Metzger and his colleagues tested this idea in a participant who was unable to move or speak as the result of a stroke. The study participant had a larger array of electrodes — about the size of a credit card — implanted over a broad swath of his motor cortex. Rather than eavesdropping on individual neurons, this array records the synchronized activity of tens of thousands of neurons, like hearing an entire section in a football stadium groan or cheer at the same time.
Using this technology, the researchers recorded hours of data and fed it into sophisticated machine learning algorithms. They were able to decode 92 percent of the study subject’s silently spelled-out sentences — such as “That is all right” or “What time is it?” — on at least one of two tries. A next step, Metzger says, could be combining this spelling-based approach with a words-based approach they developed previously to enable users to communicate more quickly and with less effort.
‘Still in the early stage’
Today, close to 40 people worldwide have been implanted with microelectrode arrays, with more coming online. Many of these volunteers — people paralyzed by strokes, spinal cord injuries or ALS — spend hours hooked up to computers helping researchers develop new brain-machine interfaces to allow others, one day, to regain functions they have lost. Jun Wang, a computer and speech scientist at the University of Texas at Austin, says he is excited about recent progress in creating devices to restore speech, but cautions there is a long way to go before practical application. “At this moment, the whole field is still in the early stage.”
Wang and other experts would like to see upgrades to hardware and software that make the devices less cumbersome, more accurate and faster. For example, the device pioneered by the UCSF lab worked at a pace of about seven words per minute, whereas natural speech moves at about 150 words a minute. And even if the technology evolves to mimic human speech, it is unclear whether approaches developed in patients with some ability to move or speak will work in those who are completely locked in. “My intuition is it would scale, but I can’t say that for sure,” says Metzger. “We would have to verify that.”
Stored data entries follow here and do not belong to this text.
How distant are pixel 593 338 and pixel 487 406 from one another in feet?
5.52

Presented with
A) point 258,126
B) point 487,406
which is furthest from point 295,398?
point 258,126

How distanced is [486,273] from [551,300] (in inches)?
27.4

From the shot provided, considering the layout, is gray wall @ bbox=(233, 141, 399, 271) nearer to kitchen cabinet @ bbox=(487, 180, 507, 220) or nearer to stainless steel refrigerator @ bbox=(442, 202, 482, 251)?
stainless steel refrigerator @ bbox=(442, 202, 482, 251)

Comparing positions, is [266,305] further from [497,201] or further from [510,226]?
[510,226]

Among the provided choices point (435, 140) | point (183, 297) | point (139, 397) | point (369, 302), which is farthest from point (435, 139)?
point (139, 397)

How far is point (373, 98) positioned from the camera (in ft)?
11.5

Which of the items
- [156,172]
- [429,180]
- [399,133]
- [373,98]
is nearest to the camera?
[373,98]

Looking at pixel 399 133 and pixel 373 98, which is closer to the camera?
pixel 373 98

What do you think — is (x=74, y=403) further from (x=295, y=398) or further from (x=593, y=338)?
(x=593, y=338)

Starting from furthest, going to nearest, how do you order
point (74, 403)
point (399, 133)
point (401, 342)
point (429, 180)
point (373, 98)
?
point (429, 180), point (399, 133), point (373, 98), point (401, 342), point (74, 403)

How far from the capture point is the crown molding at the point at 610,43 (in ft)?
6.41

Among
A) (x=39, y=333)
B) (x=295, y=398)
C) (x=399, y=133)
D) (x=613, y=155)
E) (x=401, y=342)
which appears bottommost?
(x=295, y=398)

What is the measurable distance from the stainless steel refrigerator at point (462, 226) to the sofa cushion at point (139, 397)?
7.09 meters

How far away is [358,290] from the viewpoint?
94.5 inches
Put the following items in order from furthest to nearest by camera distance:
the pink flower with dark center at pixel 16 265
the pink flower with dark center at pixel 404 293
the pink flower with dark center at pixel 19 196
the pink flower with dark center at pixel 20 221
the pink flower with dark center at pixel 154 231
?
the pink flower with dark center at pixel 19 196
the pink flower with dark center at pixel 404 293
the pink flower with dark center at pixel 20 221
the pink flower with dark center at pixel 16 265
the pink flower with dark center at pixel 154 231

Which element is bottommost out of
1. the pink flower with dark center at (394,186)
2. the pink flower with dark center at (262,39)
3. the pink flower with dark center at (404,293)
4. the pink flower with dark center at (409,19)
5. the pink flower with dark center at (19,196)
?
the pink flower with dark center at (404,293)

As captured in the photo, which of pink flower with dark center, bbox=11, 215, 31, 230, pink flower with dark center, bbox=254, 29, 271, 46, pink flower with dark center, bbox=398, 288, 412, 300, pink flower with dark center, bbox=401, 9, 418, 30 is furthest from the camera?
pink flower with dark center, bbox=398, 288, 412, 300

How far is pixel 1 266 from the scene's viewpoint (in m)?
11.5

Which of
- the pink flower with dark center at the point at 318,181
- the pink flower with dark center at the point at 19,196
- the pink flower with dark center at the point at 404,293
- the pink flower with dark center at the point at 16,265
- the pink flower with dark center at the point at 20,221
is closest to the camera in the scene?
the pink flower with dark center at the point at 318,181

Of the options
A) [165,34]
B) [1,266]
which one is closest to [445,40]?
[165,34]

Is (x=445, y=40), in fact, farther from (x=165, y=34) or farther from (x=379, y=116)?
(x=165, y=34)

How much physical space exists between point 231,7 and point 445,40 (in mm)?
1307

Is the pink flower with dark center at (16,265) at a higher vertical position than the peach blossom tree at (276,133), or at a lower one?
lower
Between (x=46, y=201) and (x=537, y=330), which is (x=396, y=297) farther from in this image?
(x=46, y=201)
Another open question is whether it is possible to design brain-machine interfaces that do not require brain surgery. Attempts to create noninvasive approaches have faltered because such devices have tried to make sense of signals that have traveled through layers of tissue and bone, like trying to follow a football game from the parking lot.
Wang has made headway using an advanced imaging technique called magnetoencephalography (MEG), which records magnetic fields on the outside of the skull that are generated by the electric currents in the brain, and then translating those signals into text. Right now, he is trying to build a device that uses MEG to recognize the 44 phonemes, or speech sounds, in the English language — like ph or oo — which could be used to construct syllables, then words, then sentences.
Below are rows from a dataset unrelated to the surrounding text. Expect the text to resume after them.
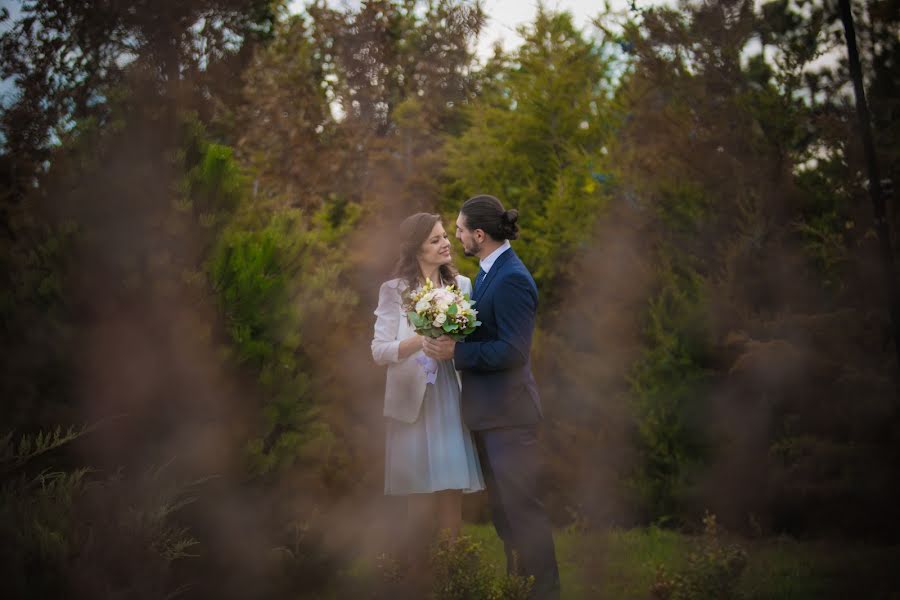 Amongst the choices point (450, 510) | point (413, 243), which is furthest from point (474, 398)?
point (413, 243)

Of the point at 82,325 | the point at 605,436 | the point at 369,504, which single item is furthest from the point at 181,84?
the point at 605,436

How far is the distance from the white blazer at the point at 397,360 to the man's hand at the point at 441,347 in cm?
26

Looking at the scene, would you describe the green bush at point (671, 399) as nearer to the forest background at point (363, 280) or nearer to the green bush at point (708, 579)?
the forest background at point (363, 280)

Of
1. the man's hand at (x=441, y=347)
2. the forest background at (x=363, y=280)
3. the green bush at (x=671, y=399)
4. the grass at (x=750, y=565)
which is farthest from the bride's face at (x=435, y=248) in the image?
the green bush at (x=671, y=399)

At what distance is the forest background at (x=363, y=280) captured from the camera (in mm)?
4102

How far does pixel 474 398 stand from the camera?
4.22 metres

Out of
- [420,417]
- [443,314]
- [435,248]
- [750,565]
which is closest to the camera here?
[443,314]

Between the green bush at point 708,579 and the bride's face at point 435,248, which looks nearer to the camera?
the green bush at point 708,579

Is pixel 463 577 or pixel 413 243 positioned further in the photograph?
pixel 413 243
Ultimately, the biggest challenge to restoring speech in locked-in patients may have more to do with biology than with technology. The way speech is encoded, particularly internal speech, could vary depending on the individual or the situation. One person might imagine scrawling a word on a sheet of paper in their mind’s eye; another might hear the word, still unspoken, echoing in their ears; yet another might associate a word with its meaning, evoking a particular feeling-state. Because different brain waves could be associated with different words in different people, different techniques might have to be adapted to each person’s individual nature.
“I think this multipronged approach by the different groups is our best way to cover all of our bases,” says Bjånes, “and have approaches that work in a bunch of different contexts.”